Supreme Court Review
Justice Kennedy turned to the issue of whether CERCLA 42 U.S.C.S. § 9658 made a distinction between state-enacted statutes of limitations and statutes of repose. In reading the text of 42 U.S.C.S. § 9658, Justice Kennedy reasoned that state law is not preempted unless it fits into the precise terms of the exception. He noted that 42 U.S.C.S. § 9658 uses “statute of limitations” four times, but not the term “statutes of repose.” He further reasoned that while the terms statutes of limitations and statutes of repose may have been used interchangeably in the past, the concept that the statutes are distinct was established in the 1982 Study Group Report commissioned by Congress. The Report acknowledged that the statutes of repose were not equivalent to statutes of limitations and that recommendation to preempt the latter did not necessarily include the former. Coupled with § 9658’s inclusion of the “applicable limitations period” as well as providing for “equitable tolling” strongly “suggests that the § 9658’s preemptive reach is limited to statutes of limitations” and not to the statute of repose.
As a result, CTS Corporation was able to dismiss the claim brought by the injured landowners, as North Carolina’s statute of repose barred the landowners’ claim if being pursued more than 10 years from the last act or omission of the defendant giving rise to the cause of action.

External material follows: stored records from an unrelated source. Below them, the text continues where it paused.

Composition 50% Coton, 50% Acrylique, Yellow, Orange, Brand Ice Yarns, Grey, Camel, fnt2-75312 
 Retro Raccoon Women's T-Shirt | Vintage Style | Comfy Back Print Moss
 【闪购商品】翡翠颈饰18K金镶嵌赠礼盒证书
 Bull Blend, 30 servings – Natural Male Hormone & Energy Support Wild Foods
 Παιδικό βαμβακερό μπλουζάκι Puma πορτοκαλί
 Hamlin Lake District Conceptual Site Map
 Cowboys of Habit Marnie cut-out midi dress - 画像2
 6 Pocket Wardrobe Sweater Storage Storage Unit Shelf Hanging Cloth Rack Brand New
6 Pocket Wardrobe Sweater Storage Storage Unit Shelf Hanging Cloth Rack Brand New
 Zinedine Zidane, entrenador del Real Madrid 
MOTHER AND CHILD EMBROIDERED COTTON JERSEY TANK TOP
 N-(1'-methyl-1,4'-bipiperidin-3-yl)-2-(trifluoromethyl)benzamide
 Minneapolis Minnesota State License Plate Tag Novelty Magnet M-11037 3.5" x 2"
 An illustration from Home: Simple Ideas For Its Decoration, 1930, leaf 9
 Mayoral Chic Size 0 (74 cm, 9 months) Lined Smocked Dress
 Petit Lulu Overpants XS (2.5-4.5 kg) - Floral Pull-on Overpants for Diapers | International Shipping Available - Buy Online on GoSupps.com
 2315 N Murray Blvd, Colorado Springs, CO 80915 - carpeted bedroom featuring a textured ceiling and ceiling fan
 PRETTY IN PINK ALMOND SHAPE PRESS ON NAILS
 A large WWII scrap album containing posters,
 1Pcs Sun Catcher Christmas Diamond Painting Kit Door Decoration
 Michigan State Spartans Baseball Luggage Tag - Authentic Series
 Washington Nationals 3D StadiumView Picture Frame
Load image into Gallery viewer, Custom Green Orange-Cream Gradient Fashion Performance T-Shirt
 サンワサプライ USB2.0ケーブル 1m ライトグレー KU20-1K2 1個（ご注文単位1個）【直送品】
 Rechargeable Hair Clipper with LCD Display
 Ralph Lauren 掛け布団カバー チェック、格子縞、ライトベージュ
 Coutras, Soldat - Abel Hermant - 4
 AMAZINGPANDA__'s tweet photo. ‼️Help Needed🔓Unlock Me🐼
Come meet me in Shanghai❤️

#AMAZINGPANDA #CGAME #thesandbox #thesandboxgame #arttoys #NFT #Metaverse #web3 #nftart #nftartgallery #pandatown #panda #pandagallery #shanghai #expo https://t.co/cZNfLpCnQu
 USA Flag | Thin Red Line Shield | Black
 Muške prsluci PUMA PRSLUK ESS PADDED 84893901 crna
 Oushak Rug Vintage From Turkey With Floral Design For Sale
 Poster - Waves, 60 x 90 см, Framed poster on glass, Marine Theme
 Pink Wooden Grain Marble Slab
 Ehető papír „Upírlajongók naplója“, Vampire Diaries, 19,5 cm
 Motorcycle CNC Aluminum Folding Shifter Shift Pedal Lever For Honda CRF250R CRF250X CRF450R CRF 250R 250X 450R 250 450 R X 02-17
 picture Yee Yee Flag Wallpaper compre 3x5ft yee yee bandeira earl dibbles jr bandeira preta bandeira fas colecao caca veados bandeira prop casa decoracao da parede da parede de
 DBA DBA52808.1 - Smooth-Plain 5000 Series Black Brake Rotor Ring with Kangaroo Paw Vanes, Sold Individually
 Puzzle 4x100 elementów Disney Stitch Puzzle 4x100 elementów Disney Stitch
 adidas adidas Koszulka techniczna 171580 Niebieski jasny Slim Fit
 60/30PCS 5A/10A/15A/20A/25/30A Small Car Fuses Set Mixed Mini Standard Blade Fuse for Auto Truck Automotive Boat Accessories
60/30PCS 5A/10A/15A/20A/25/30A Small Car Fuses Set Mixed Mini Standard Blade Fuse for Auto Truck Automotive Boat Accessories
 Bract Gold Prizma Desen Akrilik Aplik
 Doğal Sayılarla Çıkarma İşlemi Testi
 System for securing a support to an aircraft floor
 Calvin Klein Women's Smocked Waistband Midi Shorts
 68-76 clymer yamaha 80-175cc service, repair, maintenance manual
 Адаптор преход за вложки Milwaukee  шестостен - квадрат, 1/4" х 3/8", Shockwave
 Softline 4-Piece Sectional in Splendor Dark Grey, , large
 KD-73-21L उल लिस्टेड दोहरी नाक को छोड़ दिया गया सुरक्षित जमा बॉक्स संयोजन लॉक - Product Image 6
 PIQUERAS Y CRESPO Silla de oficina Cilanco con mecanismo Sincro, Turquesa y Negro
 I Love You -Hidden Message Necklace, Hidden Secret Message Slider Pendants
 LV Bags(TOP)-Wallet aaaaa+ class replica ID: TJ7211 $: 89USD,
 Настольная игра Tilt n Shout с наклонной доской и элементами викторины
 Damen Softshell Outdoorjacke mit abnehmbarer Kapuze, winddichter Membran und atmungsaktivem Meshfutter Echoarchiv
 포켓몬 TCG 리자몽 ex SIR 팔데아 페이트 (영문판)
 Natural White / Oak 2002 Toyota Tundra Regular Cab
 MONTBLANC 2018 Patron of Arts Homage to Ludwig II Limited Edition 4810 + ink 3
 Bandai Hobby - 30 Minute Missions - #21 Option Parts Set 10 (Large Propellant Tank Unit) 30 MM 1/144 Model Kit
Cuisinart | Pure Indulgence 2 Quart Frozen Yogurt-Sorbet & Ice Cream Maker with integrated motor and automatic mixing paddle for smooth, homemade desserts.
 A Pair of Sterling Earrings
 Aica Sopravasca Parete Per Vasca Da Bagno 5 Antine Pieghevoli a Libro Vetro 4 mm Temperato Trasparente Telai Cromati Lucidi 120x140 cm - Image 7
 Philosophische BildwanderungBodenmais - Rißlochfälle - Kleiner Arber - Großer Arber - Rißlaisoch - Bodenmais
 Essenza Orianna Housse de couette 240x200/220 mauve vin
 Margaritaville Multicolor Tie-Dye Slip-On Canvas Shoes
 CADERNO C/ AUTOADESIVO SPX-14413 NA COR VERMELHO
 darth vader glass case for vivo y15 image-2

State Sovereignty and More Deference to States
This is a significant victory not only for defendant toxic tortfeasors but also for states as separate and sovereign entities. As Justice Kennedy stated, “Because the States are independent sovereigns in our federal system, the Court assumes that the historic police powers of the States were not to be superseded by the Federal Act unless that was the clear and manifest purpose of Congress.” This reaffirms the rights of states to protect their defendants and not only reestablishes their authority to enact statutes that may help them nurture more business-friendly environments but also disposes of the fear that their state-enacted statutes that support their sovereignty will later be preempted by federal law. With this recent decision on their side, states that do not currently have statutes of repose in place may be prompted to enact statutes of repose and further engage in tort reform.
Consequences for the Injured Plaintiffs
Since CERCLA was promulgated in 1980, and many contaminated sites were remediated more than a decade ago, states that have already enacted statutes of repose will leave plaintiffs without a remedy as claims they file thereby will be barred. Even in states that do not currently have statutes of repose, plaintiffs may feel more pressure to evaluate and file claims in a more timely fashion due to cautionary concerns that state legislatures may enact such statutes or other tort reform measures in the future.
Assurance to Businesses and Defendants
The assurance to defendants and businesses that there is a possible end to these environmental liabilities is both refreshing and essential, especially when considering the devastating financial impact that perceptually unlimited asbestos litigation has wreaked on businesses large and small, a significant number of which have long succumbed to Chapter 7 and 11 bankruptcies. CTS Corp. v. Waldburger may enable businesses in states having relevant statutes of repose to plan and more freely engage in business transactions and to generally focus on the business of business, while eschewing the business of risk and costly litigation.